Would you sum up the film in a sentence?
Set in a sugary, distorted version of reality, Candee Noir is the story of a psycho-sweet woman repressing a “sweet tooth” for murder.
How big of an enterprise is something like Candee Noir?
I think anytime you set out to write and produce a film, the amount of time, energy, sweat, and level of emotional tension turns out to be much, much more than you ever expect when you make that decision to actually physically produce what has been swirling around in your head. Ha! That being said, it is so rewarding and completely worth it! Candee Noir was produced for about $2,800, and it was possible to produce the film on that shoestring budget simply due to the amazing actors, creatives, crew, and just good folks that volunteered their time, talent, and items like mint-condition Lincoln Continentals and a whole variety of baked goods to the project. A total of about 100 people helped get this little film made.

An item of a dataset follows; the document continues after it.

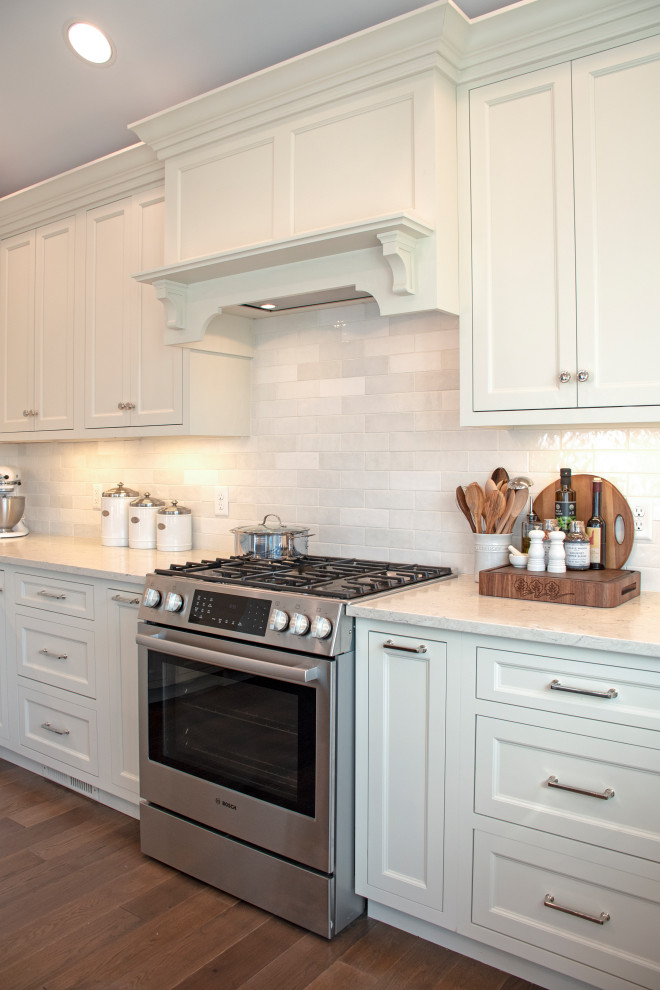 Eat-in kitchen - transitional medium tone wood floor, brown floor and vaulted ceiling eat-in kitchen idea with shaker cabinets, white cabinets, quartz countertops, white backsplash, ceramic backsplash, stainless steel appliances and white countertops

Would you look like Candee today if seen on the street?
There’s always a little Candee in me, so you might recognize her. But Candee would not leave the house without her hair fixed and her face on. I certainly don’t hold myself to those standards.
Did you consult crime or baking experts about the film?
Regina Long of B&G Catering was a great resource for the cakes and baked goods and she baked several cakes for this film. Also Jan Crowder-Barber was the artist behind the lemon-fluff-killer cupcakes. My mom, Peggy Shipe, who co-produced the film, was also the creator of Candee’s Strawberry Fluff Triple Layer Cake. She had to make four different ones throughout filming. I also had so many friends that contributed beautiful baked goods for the bake-off scene. As for crime experts? No. My Associate Producer, Doug Parker, did build a special effects filming box, though. It allowed my co-director Noble Robinette to film parts of the murder scene from the victim’s point of view.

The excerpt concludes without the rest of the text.